Target Audience: Construction Industry Professionals, Earned Value Management, Job Costing, Schedulers, Cost Variance Interest, Spending Planners, Project Managers, Contractors


Like most contractors, you likely have a spending plan going into every job, and you probably track every dollar spent once work is underway. Yet, despite these efforts, measuring the true progress of the job may remain a mystery. If so, earned value management (EVM) can help you solve this particular whodunit.

Objective Assessment

EVM is a project management technique that measures job progress in dollars, giving you a common objective assessment of both cost and schedule performance. Granted, you probably know how much you spend as a job progresses, but you may not take into account how much work has been accomplished.

For instance, let’s say you have a $1 million project that’s scheduled to take six months to complete. After four months, you’ve spent $600,000 — much more than you anticipated when you planned the job. With no more information, you’re likely to panic.

Before you call your project manager on the carpet, though, look at how much work has been done. If the project is finished, you’ve delivered it under time and under budget. If the roofers are still waiting for joists to go in, well, go ahead and bring the project manager in.

EVM can provide such insights — improving your cash flow, serving as an early warning system, preventing scope creep and keeping your teams focused.

Planned vs. Earned

Under EVM, every project begins with a detailed plan that identifies the work to be accomplished and, as the job progresses, compares “planned value” with “earned value.”

Planned value is the authorized work combined with the approved budget and authorized timeframe, while earned value is the authorized work completed and its original budget. The difference between the two is schedule variance; and the difference between earned value and actual costs is cost variance.

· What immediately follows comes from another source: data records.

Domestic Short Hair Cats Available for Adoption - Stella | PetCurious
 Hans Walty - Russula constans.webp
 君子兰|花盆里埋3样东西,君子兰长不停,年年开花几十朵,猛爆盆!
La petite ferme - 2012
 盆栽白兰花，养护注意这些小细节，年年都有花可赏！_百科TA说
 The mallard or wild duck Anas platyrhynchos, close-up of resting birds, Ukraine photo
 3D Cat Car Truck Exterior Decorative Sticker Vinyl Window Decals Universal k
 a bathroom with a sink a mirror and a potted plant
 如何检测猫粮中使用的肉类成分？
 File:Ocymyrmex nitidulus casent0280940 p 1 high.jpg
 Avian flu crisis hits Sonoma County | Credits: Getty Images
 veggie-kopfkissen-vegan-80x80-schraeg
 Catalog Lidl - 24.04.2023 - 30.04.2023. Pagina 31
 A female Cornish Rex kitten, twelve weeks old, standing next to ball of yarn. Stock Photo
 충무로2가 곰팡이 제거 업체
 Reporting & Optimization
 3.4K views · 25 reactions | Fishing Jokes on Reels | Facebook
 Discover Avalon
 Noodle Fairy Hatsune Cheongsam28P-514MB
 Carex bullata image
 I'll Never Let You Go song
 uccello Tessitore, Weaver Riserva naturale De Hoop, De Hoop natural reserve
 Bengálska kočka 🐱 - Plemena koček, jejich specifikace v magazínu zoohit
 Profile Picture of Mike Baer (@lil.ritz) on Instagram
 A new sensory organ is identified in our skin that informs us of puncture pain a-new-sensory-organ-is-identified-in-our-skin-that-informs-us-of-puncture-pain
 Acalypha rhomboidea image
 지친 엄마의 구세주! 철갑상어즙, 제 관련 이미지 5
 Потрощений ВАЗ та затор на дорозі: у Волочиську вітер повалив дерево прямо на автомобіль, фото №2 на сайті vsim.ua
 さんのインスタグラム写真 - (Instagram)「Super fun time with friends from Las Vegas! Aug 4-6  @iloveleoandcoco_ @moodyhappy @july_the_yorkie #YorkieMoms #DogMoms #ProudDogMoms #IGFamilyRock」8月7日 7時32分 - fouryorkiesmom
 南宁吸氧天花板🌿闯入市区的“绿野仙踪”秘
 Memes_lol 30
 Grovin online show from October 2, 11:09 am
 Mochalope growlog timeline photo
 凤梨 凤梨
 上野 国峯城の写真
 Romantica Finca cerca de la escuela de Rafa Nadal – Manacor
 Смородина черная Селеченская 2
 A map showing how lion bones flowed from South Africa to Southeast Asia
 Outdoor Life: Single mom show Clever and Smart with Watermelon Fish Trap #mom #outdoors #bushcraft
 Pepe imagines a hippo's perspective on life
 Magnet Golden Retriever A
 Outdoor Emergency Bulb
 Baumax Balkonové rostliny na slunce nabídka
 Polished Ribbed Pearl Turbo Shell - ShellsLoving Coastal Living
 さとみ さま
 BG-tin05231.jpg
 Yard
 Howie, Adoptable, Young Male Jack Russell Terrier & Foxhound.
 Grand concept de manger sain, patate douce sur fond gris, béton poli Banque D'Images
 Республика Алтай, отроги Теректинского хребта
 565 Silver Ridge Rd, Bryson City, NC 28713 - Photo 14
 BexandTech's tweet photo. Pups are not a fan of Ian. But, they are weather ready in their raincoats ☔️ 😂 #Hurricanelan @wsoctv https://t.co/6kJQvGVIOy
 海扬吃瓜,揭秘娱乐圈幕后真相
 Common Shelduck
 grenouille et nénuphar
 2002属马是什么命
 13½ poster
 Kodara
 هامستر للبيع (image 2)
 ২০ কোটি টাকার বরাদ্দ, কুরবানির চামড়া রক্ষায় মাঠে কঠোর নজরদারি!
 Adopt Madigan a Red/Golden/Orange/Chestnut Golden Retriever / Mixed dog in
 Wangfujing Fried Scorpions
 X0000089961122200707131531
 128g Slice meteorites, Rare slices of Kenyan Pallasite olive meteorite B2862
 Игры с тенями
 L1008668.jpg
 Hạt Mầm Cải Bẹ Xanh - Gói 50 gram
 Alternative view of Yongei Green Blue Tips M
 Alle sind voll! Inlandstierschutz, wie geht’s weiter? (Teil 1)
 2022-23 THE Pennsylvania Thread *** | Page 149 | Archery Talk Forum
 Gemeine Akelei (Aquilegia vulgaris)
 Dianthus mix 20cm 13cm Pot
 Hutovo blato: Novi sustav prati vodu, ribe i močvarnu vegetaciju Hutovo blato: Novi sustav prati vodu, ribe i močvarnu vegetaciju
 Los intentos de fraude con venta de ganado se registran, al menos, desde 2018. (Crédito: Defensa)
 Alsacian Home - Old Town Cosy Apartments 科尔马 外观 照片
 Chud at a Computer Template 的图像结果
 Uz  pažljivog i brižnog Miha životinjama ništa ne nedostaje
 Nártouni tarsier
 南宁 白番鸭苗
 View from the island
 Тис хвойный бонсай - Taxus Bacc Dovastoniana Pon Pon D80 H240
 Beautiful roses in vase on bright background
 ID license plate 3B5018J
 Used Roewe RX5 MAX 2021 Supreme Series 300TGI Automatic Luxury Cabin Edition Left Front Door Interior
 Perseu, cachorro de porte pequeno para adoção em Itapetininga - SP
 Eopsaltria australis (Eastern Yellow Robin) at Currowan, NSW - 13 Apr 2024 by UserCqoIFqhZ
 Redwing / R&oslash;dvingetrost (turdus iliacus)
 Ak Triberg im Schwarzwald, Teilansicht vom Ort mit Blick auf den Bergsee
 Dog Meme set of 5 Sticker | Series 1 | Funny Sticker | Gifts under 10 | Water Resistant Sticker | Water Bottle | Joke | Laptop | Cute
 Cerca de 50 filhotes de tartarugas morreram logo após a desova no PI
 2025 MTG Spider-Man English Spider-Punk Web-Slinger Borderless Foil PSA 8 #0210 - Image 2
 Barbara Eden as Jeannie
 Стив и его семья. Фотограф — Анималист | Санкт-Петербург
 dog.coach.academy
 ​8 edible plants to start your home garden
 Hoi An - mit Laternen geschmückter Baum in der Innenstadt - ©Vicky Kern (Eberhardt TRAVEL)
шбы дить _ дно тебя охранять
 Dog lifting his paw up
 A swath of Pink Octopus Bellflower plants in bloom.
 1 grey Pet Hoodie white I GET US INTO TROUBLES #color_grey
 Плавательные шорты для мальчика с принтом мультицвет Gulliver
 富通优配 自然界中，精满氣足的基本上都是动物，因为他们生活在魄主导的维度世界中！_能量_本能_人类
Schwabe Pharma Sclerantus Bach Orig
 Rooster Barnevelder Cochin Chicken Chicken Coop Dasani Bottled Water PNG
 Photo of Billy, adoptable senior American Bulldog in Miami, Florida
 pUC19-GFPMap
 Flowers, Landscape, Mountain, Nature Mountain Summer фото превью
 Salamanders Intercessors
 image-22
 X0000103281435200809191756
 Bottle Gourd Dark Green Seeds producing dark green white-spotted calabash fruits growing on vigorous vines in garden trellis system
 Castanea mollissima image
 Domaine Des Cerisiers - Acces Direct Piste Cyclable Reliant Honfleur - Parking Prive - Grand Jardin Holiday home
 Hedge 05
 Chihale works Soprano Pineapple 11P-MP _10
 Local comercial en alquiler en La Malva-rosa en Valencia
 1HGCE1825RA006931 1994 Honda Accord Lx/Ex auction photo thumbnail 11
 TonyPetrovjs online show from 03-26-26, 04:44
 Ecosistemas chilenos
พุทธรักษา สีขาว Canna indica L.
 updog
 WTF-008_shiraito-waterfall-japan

For example, consider a task budgeted for $1,000. On a given day, you find you’ve spent the $1,000 and are happy to see you’re right on target. But a closer look using EVM reveals that the work is behind schedule and you’ve actually achieved only $750 in earned value. Thus, what appears to be an on-budget task is really a cost overrun.

What’s more, because you know exactly where you are every step of the way, you can reassure owners that they’re being billed for only work that was done in accordance with the contract. Doing so may help speed payments and support additional billing if work is outside the agreed-on scope of the project.

In addition, EVM can help you predict and improve future performance. It allows you to not only calculate the performance needed to stay on budget for a current job, but also use past cost-performance trends to project total costs on future ones.

No Job Too Small

Many contractors believe that EVM is suitable only for very large projects. In fact, you can scale and apply EVM to any job. And if you do, you’ll likely find it a valuable tool for staying ahead of the game and your competition.